TO DO: One line at a time, check the entries below for the word "golf", and copy each line that has it.

EXCERPTED DATA:
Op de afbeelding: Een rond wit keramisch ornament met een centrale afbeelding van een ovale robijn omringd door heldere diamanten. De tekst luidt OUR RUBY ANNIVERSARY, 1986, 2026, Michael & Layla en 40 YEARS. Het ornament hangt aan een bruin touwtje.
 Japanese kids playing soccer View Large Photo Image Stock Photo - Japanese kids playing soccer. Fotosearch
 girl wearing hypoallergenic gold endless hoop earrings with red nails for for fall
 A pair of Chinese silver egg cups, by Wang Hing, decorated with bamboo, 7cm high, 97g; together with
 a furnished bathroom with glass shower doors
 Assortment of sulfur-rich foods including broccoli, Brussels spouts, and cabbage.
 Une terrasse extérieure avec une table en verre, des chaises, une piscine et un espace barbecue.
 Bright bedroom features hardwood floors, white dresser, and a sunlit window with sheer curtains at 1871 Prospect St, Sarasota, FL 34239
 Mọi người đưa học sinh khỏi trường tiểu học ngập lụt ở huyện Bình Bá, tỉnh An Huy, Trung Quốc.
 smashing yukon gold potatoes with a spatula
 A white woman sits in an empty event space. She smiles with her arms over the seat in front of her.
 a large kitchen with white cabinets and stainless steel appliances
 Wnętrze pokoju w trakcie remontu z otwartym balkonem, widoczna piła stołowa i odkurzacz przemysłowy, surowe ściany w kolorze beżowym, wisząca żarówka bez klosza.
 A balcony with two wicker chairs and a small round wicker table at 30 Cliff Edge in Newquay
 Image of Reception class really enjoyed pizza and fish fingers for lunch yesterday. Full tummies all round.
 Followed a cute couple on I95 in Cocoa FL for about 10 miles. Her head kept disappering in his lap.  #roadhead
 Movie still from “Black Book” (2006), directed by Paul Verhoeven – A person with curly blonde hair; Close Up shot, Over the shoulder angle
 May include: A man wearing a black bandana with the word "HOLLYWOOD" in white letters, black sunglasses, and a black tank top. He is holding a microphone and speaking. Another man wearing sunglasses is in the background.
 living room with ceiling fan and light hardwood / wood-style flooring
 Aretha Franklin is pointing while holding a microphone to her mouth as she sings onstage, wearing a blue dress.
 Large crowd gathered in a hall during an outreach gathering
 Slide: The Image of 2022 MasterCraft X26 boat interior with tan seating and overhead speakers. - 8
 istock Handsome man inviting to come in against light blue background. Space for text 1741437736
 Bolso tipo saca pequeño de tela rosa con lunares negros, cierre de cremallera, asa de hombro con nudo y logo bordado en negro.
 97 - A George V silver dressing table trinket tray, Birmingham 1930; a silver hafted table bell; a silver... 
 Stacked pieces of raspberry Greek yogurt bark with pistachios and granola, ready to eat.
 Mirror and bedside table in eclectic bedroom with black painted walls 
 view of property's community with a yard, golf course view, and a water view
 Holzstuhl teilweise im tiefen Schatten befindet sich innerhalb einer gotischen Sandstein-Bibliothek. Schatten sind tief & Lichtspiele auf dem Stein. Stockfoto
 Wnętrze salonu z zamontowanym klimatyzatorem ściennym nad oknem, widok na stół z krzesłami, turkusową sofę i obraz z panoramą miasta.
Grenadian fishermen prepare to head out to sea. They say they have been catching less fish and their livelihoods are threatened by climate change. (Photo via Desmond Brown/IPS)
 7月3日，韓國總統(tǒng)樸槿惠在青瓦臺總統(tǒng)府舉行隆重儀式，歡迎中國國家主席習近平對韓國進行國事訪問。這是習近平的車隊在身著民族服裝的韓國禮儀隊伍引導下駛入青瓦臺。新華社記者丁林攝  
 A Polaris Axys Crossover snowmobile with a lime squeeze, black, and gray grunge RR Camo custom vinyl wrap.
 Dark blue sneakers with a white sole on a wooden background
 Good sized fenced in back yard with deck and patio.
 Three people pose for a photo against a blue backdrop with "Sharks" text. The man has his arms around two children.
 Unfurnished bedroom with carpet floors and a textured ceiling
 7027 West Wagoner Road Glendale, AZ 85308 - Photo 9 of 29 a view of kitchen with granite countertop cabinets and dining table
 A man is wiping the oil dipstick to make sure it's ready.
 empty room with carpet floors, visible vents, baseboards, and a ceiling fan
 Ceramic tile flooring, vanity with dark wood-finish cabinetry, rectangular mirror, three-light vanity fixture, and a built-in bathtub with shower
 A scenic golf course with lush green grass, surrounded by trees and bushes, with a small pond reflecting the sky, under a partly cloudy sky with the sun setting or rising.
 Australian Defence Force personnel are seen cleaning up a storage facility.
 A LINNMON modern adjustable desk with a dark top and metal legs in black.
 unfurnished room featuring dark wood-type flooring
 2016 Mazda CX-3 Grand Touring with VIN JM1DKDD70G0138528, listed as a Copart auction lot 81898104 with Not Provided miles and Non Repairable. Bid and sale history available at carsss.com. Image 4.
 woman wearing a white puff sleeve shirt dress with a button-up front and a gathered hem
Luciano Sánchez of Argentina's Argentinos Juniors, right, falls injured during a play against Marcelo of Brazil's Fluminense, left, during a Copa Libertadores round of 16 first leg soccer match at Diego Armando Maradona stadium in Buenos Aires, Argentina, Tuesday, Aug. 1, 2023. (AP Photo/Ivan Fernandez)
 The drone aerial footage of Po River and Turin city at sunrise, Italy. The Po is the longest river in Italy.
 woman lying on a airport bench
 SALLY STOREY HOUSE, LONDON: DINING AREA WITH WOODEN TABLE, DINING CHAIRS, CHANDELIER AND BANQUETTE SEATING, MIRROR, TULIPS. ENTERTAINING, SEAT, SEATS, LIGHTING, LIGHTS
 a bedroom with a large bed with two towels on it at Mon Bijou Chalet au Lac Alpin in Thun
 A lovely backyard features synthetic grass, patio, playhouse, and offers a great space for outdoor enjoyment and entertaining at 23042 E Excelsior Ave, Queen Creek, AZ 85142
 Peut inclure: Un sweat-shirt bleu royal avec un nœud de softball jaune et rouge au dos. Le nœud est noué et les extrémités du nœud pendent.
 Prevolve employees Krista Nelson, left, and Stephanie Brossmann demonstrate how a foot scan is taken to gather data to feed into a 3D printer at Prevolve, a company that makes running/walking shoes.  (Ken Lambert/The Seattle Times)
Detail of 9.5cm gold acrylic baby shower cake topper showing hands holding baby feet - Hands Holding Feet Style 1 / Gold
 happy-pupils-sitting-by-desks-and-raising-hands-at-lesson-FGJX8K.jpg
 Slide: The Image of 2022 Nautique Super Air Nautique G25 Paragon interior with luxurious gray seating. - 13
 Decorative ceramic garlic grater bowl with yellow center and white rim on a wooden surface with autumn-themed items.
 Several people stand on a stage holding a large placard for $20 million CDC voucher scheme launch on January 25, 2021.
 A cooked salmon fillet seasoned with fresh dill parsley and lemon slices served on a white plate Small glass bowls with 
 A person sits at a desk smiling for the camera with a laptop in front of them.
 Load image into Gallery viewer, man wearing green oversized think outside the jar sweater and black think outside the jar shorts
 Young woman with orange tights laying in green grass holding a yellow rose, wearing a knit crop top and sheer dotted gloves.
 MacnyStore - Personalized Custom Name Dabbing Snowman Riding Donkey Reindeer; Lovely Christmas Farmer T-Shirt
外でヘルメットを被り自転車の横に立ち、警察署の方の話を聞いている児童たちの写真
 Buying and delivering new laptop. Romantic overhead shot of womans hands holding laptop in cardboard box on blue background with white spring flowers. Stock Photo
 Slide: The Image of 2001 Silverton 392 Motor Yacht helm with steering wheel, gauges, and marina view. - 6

RESPONSE AREA:
 view of property's community with a yard, golf course view, and a water view
 A scenic golf course with lush green grass, surrounded by trees and bushes, with a small pond reflecting the sky, under a partly cloudy sky with the sun setting or rising.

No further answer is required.